I couldn’t have chosen better parents myself. Mom raised us on Bible stories. We didn’t have radio down in that canyon, so she read to us.
Dad didn’t talk much about religion, but he showed us the mountains and said the world had to be created because it was too beautiful not to be.
When things were hard later in life — especially in the war — I remembered that faith and it carried me through.

Reminces of Lorne Callahan
It was here that I finished three grades of school.
Eleanor, Earl, and I walked to school swinging our lunch buckets—except on the days when we had hot lunch at Aunt Alta’s. Eleanor supervised the journey, warning us not to play too much or we would be late.
Our schoolhouse sat beside Boulder Creek just before the creek tumbled down a waterfall into the Salmon River.
There were about a dozen children in the school. Earl was two grades ahead of me and Eleanor was in the upper grades. The teacher separated us by grade and moved around the room assigning lessons.
She called the small classes to the blackboard one at a time or sat beside us quietly explaining our lessons.
We all liked her very much.
At the beginning and end of the school year the pack trains came through Shoup from the ranches downriver. School was sometimes let out when the trains arrived.
They crossed the Swinging Horse bridge and we would line up by the post office to watch them come swaying over it. You could hear the clippity-clop of hooves and sometimes a stumble when a mule lost its footing.
The skinners always looked dirty and happy. They watered the animals at the trough in front of Hacksaw Tom’s place and unsaddled them for a rest. Hacksaw would strip to the waist, pull on his leather apron, and fire up his forge. Then he would trim hooves and shoe the animals before they continued on to Salmon City.
Sometimes the skinners opened a pack or two and handed out treats before heading to Aunt Alta’s for a meal.

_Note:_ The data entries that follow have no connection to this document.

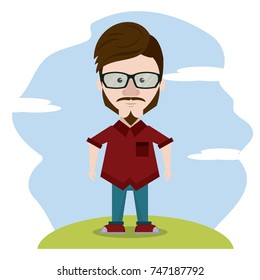 Hipster over landscape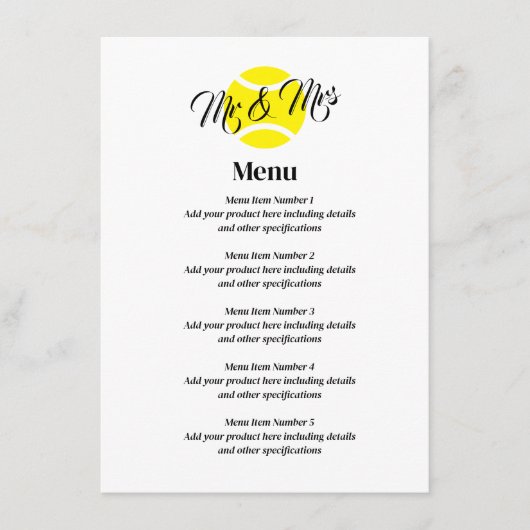 Elegant huwelijksmenu met gele tennisbal logo menu (Voorkant)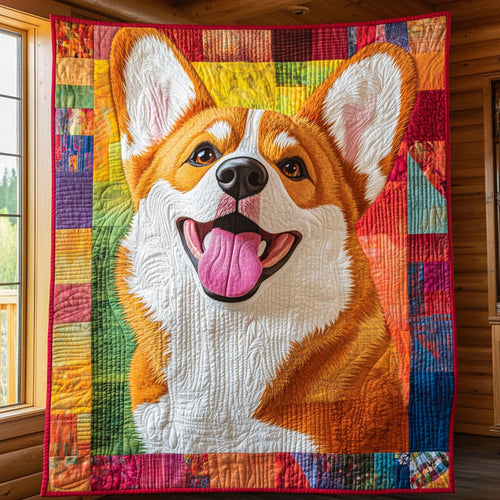 Happy Corgi CP0707054CL Quilt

The pack trains were not the only seasonal visitors. Sweep boats also came through the canyon. They stopped at Shoup to eat at Alta’s before continuing down the treacherous Salmon River. Usually one of the local men guided them through the worst stretch between Shoup and Panther Creek. We children piled into the teacher’s car and drove down to Pine Creek Rapids to watch them.
The CCC boys were building a bridge there and we stood on it watching the boats try to shoot the rapids. Many boats were torn apart on the rocks. Sometimes they flipped, sending the crew scrambling for shore. Once we saw a boat caught in a whirlpool. It spun until the bow rose from the water and the stern slipped under. The boat disappeared and one of the men with it. A search party found his body a few days later under brush beside the river.
Most trips were less dramatic. When the boats disappeared around the bend we piled back into the teacher’s car and returned to school.
That good old warm kitchen. Tippy the dog would stretch and settle behind the stove while old Black Tom the cat curled between his paws. Dad and Mom talked about grown-up things while Dad and his partner did all their “mining in the kitchen,” as Mom liked to say.
Dad would take Earl and me on his knees and ask if we thought we would ever amount to much.
We would show him our muscles and he would grin and say, “Wow—just like hummingbird wings!”
Dad used to say, “That ore is there and it’s high-grade. If I just had the money to develop it properly I’d be sitting on a rich hill instead of making wages.”
To us it was all a great adventure. School. Snowball fights. Exploring the hills. Coming home to the big kitchen and Mom’s bread, cakes, cookies, and candy. We had chokecherry syrup or gooseberry sauce on hot cakes in the mornings. Pasties for supper drowned in freshly churned butter.
Dad took us fishing just above and below the bridges. Within an hour we could catch all the trout we could eat.